In order to understand how the behavioral economics literature on gender has become so misleading, and sort out what the evidence actually says, it is vitally important to understand two things. The first is the difference between substantive and statistical significance. The second is the important role played by publication bias. Sent and van Staveren’s article, unfortunately, does not deal adequately with either. As a result, its findings are difficult to interpret.  

Substantive vs. Statistical Significance

While behavioral economists regularly report measures of statistical significance (such as t-statistics and p-values) in relation to “gender differences,” they have not—at least yet–commonly calculated measures that express the substantive size of the difference. I introduced the effect size measure called “Cohen’s d” into this economics literature as a remedy. Cohen’s d expresses the difference between male and female mean scores on some variable in standard deviation units, yielding a measure of the substantive size of the difference that can be compared across studies. For example, male and female average heights are about 2.6 standard deviations apart (that is, d=2.6), indicating that the distributions overlap only towards their tails. In contrast, estimates of behavioral differences very rarely exceed d=1.0 in absolute value and are most often considerably smaller, indicating male and female distributions that may lie almost on top of each other.  A broad meta-analysis of the psychological literature on behaviors ranging from math performance to aggressive behavior to speaking styles  (here), for example, found that  78% of the gender differences were associated with Cohen’s d values of less than 0.35.

Sent and van Staveren also use this measure, but portray its relation to statistical significance erroneously. They state that  “Cohen’s d …does not fully equate to statistical significance. An article might report that the results indicate an insignificant difference between men and women, yet this does not imply that d = 0 (it rather implies that d will be in the neighborhood of 0).” But Cohen’s d doesn’t just “not fully equate” with statistical significance: It represents an entirely different concept. And one cannot make inferences about the size of Cohen’s d from whether it is statistically significant or not. 

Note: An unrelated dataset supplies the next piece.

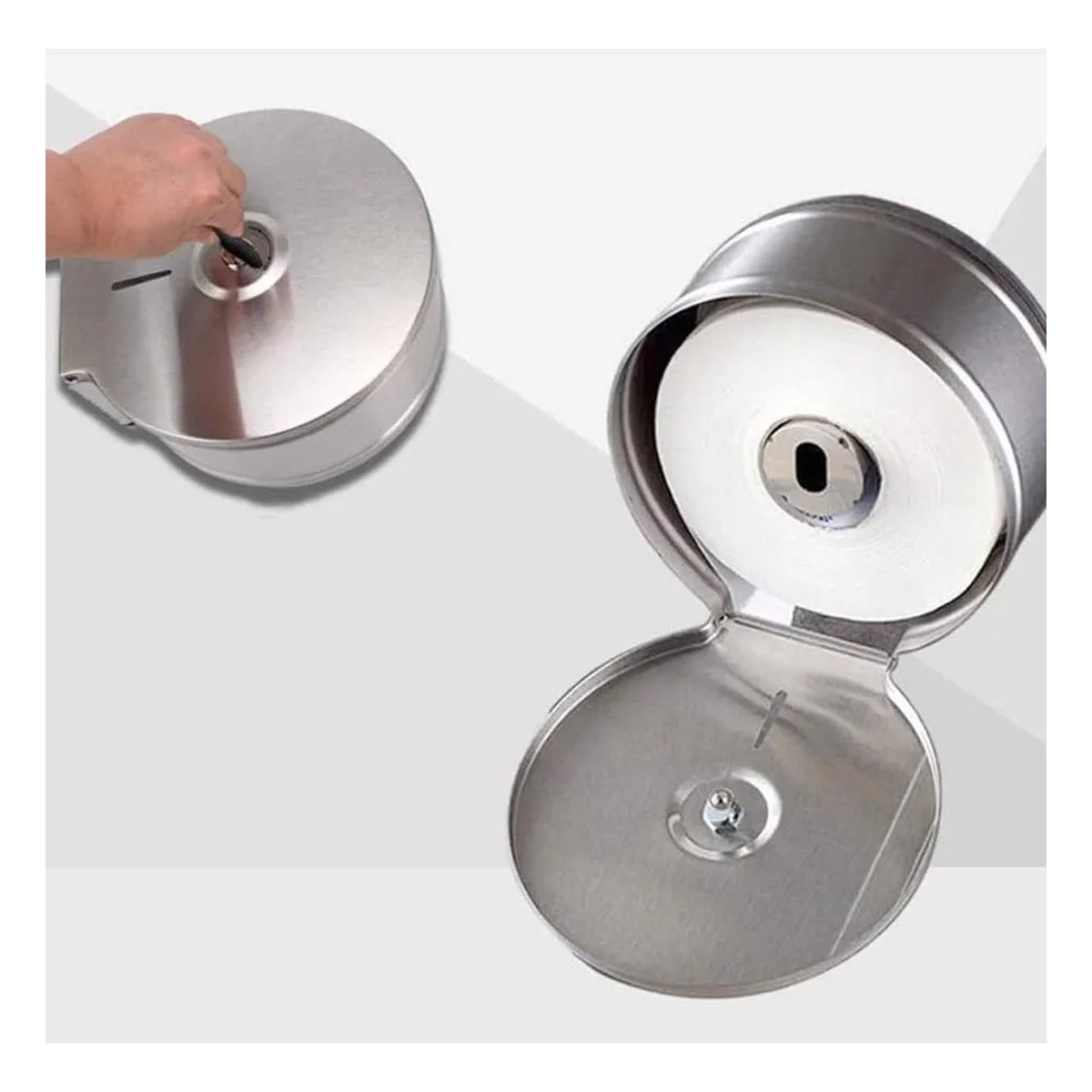 PACK4 SISTEMA JUMBO DE PAPEL HIGIENICO FORMATO AMPLIO METAL PLATEADO PRO YREGALO STICKER - 5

I suspect that this confusion may arise because the formulas for estimating Cohen’s d and the related t-statistic (for a null hypothesis of equality of means) both have the difference between the men’s and women’s means as the numerator. So it would seem that if the difference between means is big, both d and t should be big, and if the difference is small, both d and t should be small. But this reasoning ignores what goes on in the denominators. The sample size is essentially irrelevant for determining Cohen’s d. (The male and female sample sizes in the Cohen’s d denominator are simply weights. One can easily check that they cancel out when the sample sizes are the same for the two groups.) This (non-)relation of Cohen’s d to the sample size contrasts markedly with the case of the t-statistic, which systematically gets larger (in absolute value) as the sample size gets larger and our estimates therefore become more reliable and precise.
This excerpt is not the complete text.